- Information shown:
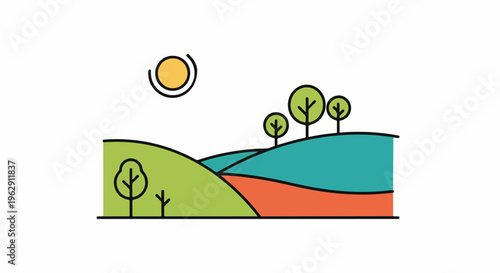 A colorful landscape with rolling hills, trees, and the sun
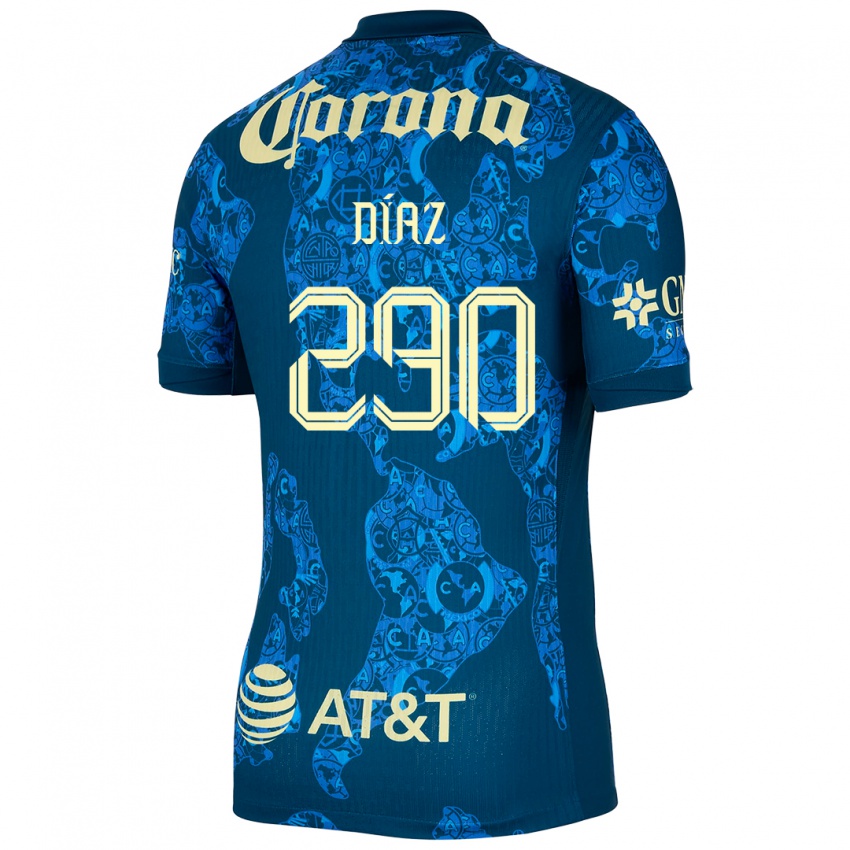 Homem Camisola Julio Díaz #290 Azul Amarelo Alternativa 2024/25 Camisa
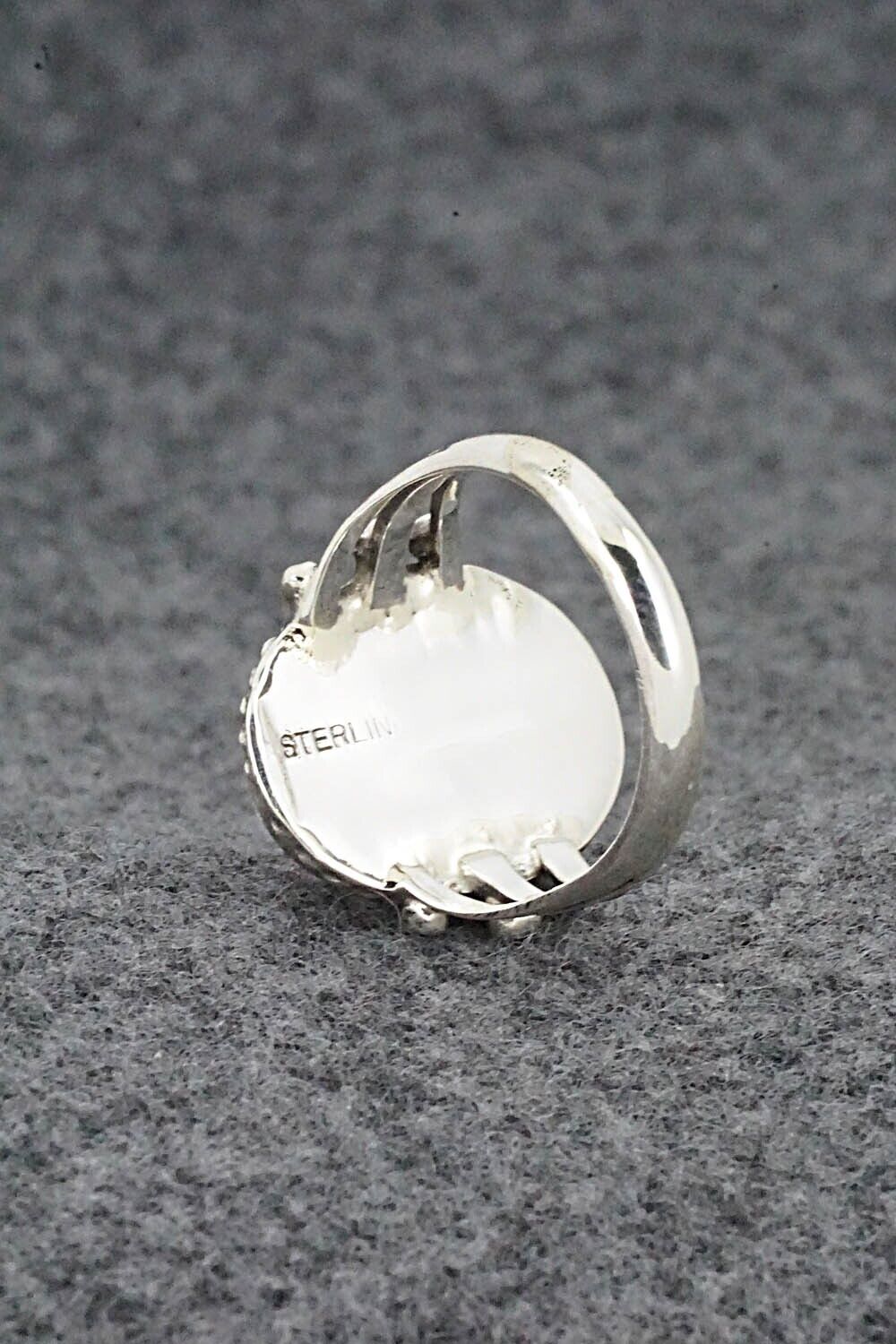 White Buffalo & Sterling Silver Ring - Grace Kenneth - Size 7.5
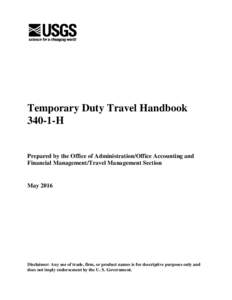 Temporary Duty Travel HandbookH Prepared by the Office of Administration/Office Accounting and Financial Management/Travel Management Section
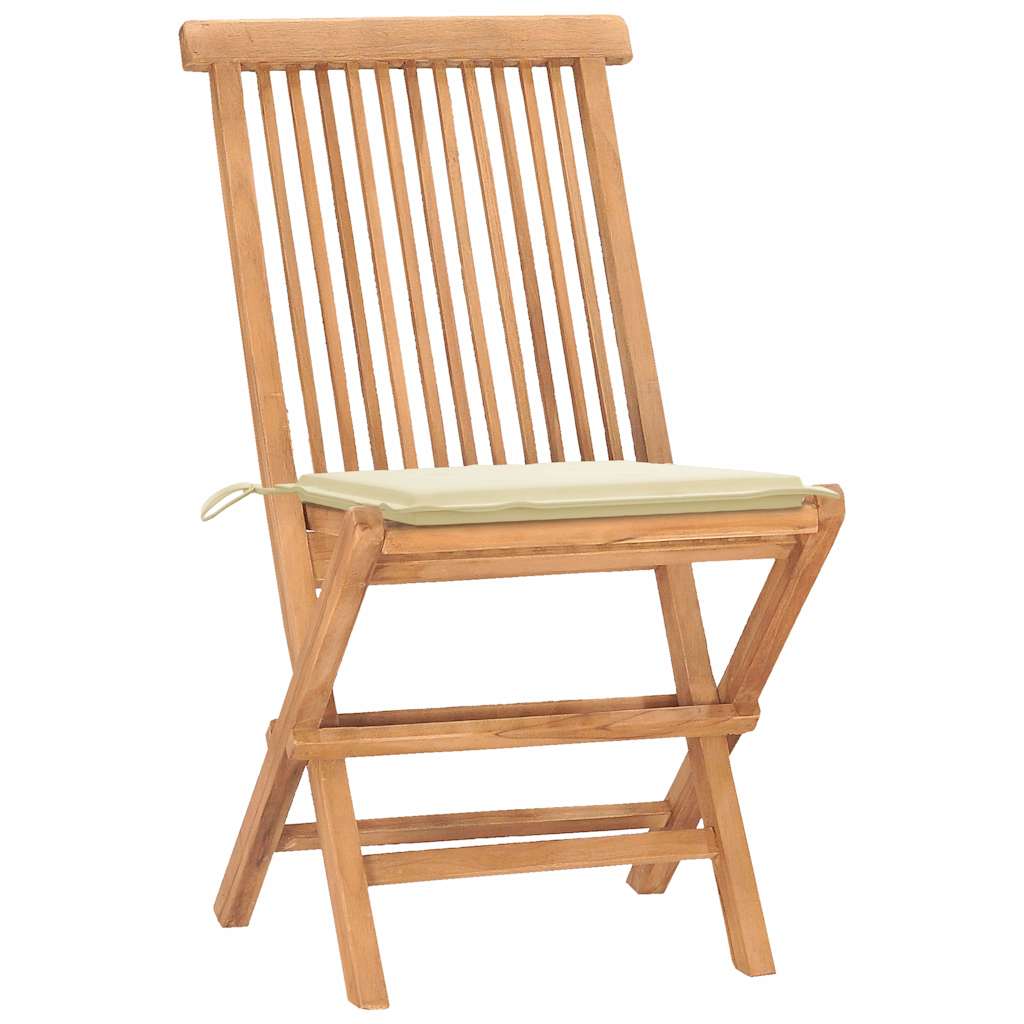 Ensemble à manger d'extérieur pliable avec coussin 3 pcs Teck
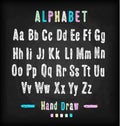 Chalkboard font. Hand draw alphabet. Royalty Free Stock Photo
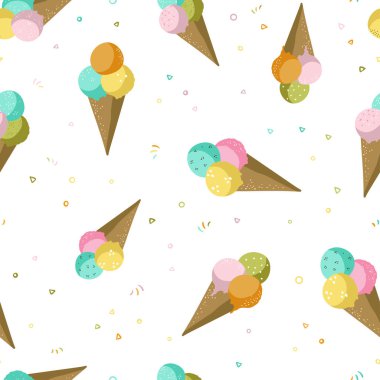Sevimli el çizimleri buz külahları kusursuz desen, lezzetli dondurma arkaplanı, yaz tekstil ürünleri, afişler, duvar kağıtları, ambalajlar - vektör tasarımı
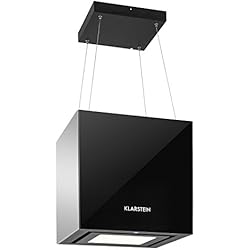 Klarstein Kronleuchter Black Edition - Hotte aspirante, Hotte en îlot, 600 m³/h, 3 Niveaux, Vitrage intégral,Faces latérales réfléchissantes, Commande Tactile avec indicateurs LED colorés, Noir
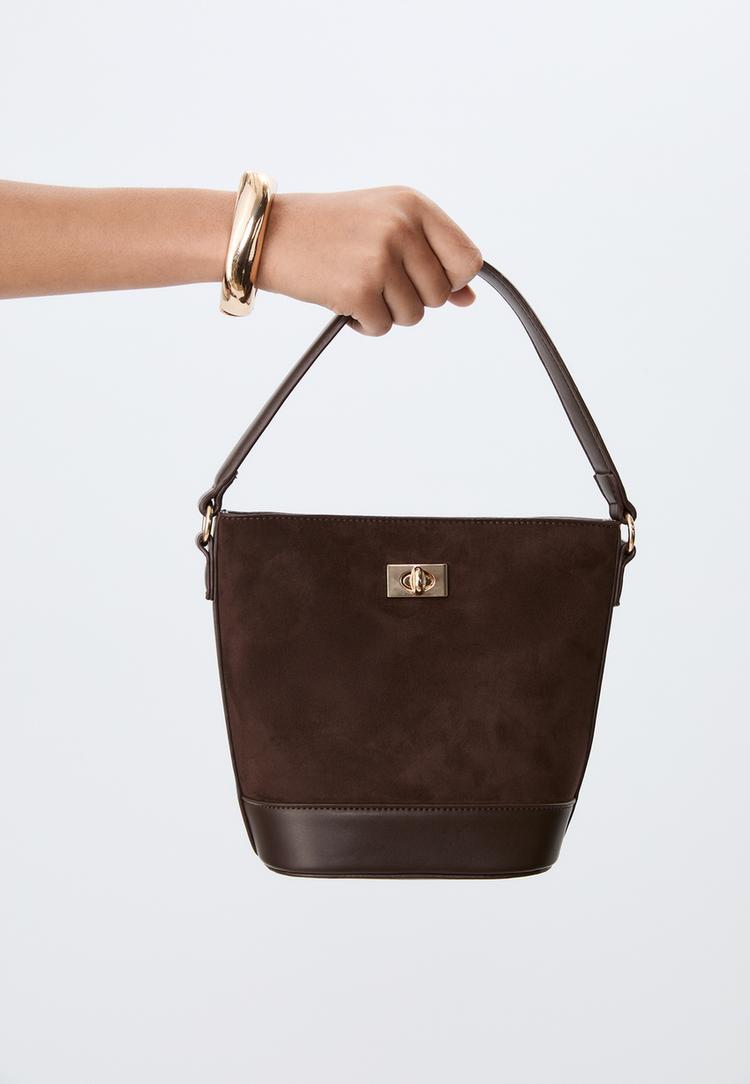 borsa a tracolla secchiello effetto camoscio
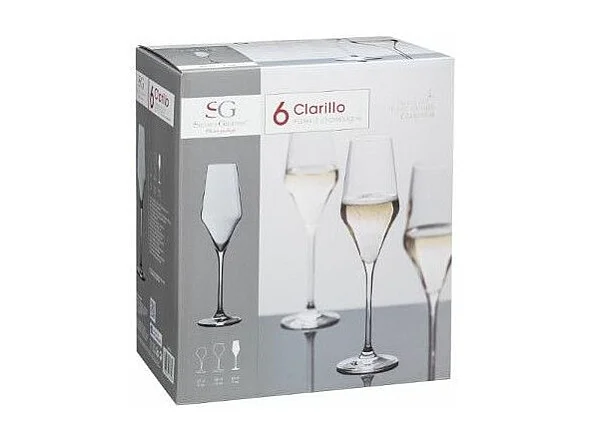Lot de 6 Flûtes à Champagne "Clarillo" 22cl Transparent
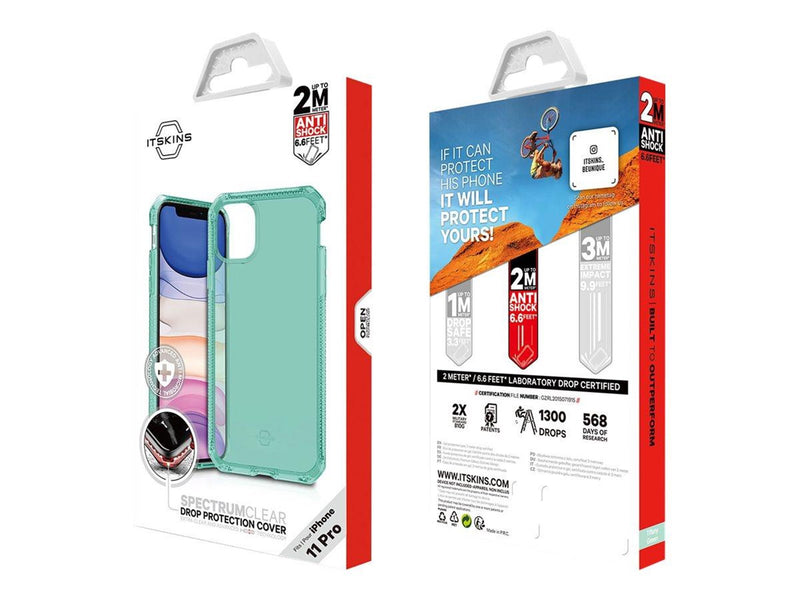 ITSKINS SPECTRUM CLEAR cover for iPhone 11 Pro / XS / X®. Tiffany green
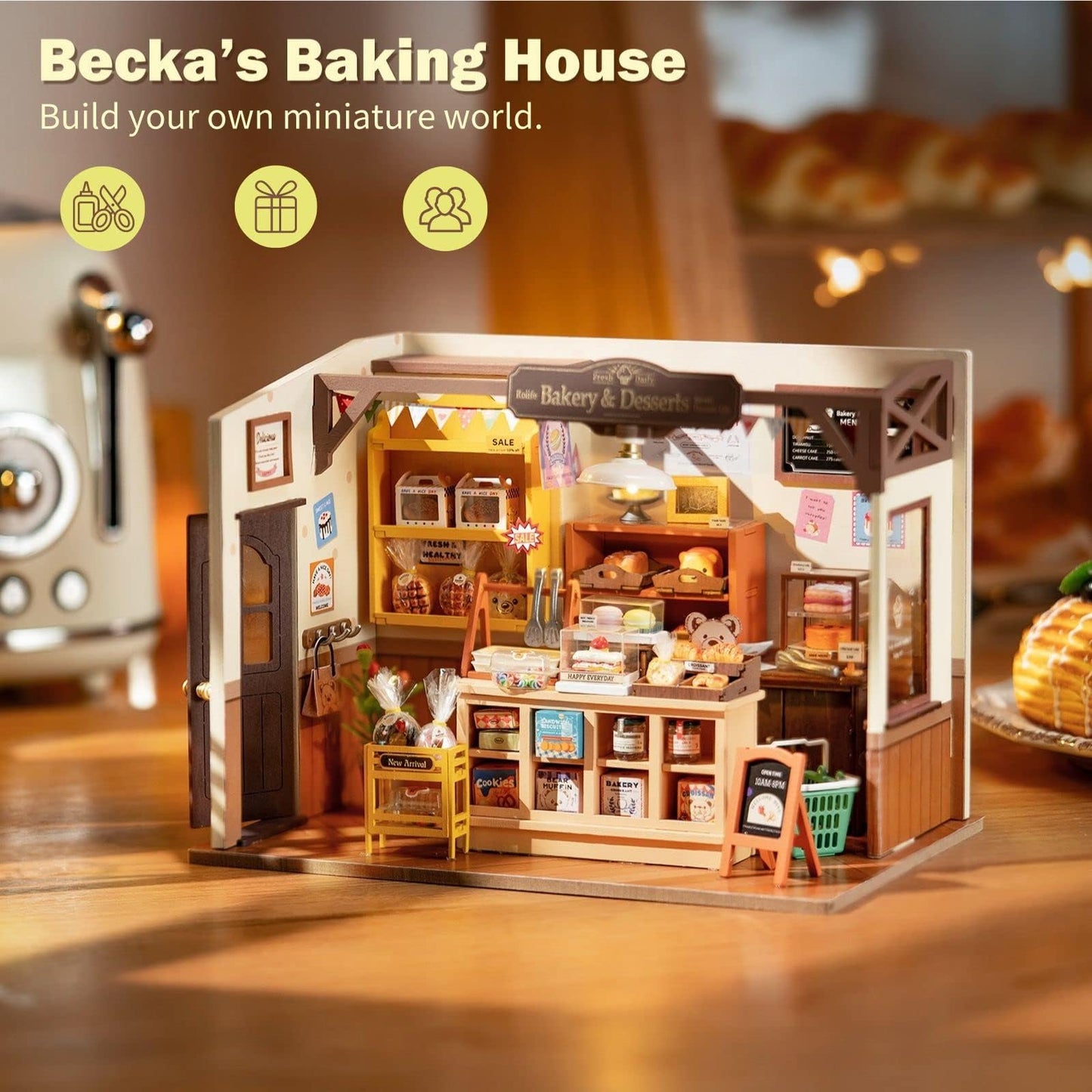 Rolife DIY Miniature Doll House Kit, Build Becka's Bakery Diorama House Building Set with LED Room Hobby Craft for Aduls Uniue Gifts for Adults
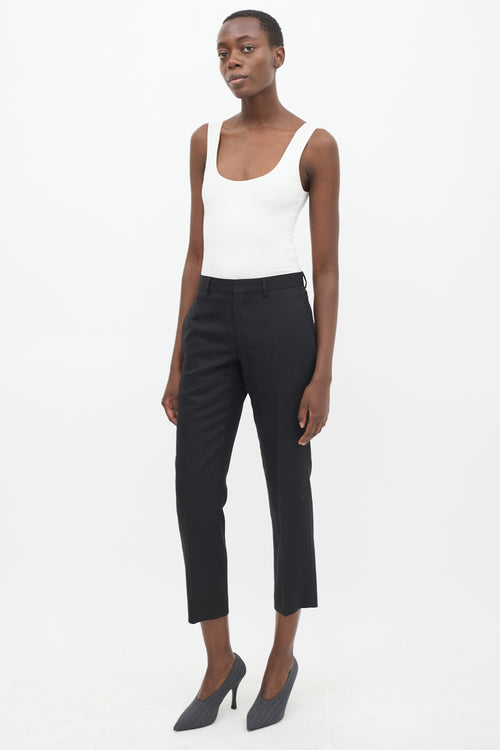 Givenchy Black Wool Tapered Cropped Trouser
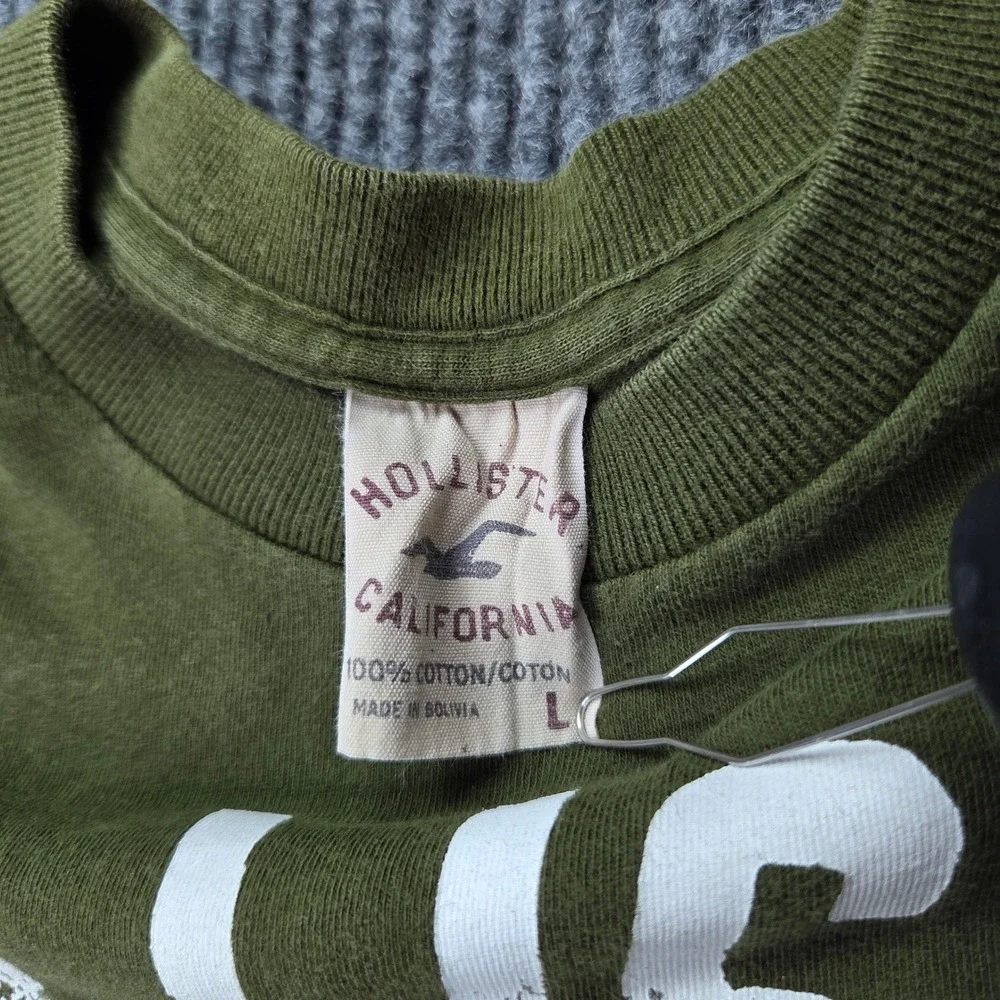 Vintage Hollister T Shirt Mens Large Green Graphic California Y2K Surf Skate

- Try it: Say again, word for word, the lines beginning at the top of the data and ending with the line that has "Temporary Duty Travel". Skip the pictures.

- Answer section:
 A colorful landscape with rolling hills, trees, and the sun
 Homem Camisola Julio Díaz #290 Azul Amarelo Alternativa 2024/25 Camisa
 White Buffalo & Sterling Silver Ring - Grace Kenneth - Size 7.5
 Temporary Duty Travel HandbookH Prepared by the Office of Administration/Office Accounting and Financial Management/Travel Management Section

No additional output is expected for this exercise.